--- Exercise instructions ---
In the data below, find each line containing the string "Gold" and return it.

[Records excerpted from a collection]

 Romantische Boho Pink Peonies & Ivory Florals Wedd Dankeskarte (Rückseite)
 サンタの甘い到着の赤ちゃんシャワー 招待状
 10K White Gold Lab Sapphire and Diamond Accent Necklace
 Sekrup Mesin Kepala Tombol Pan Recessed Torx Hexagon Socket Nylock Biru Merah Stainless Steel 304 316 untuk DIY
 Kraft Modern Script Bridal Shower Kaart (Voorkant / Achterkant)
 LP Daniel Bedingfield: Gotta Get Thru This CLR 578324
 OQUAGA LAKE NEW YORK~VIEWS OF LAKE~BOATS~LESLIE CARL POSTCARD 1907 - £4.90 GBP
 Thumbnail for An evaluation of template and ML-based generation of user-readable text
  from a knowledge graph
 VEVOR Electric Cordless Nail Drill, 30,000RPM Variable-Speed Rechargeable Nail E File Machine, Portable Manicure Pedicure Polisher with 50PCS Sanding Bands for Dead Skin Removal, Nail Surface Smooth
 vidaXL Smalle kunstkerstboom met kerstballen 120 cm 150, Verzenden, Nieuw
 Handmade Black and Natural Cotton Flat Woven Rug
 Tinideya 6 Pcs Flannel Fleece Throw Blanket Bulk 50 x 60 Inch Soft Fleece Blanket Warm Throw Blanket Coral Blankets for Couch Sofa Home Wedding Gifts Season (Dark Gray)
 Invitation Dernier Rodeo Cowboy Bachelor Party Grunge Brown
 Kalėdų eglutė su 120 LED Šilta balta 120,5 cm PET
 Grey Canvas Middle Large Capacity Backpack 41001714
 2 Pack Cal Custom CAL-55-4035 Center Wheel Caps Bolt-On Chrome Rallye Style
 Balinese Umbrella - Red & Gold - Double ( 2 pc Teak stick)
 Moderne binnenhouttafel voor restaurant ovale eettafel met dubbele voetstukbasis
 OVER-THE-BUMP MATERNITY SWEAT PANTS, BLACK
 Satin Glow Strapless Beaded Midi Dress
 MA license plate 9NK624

--- Worked solution ---
 10K White Gold Lab Sapphire and Diamond Accent Necklace
 Balinese Umbrella - Red & Gold - Double ( 2 pc Teak stick)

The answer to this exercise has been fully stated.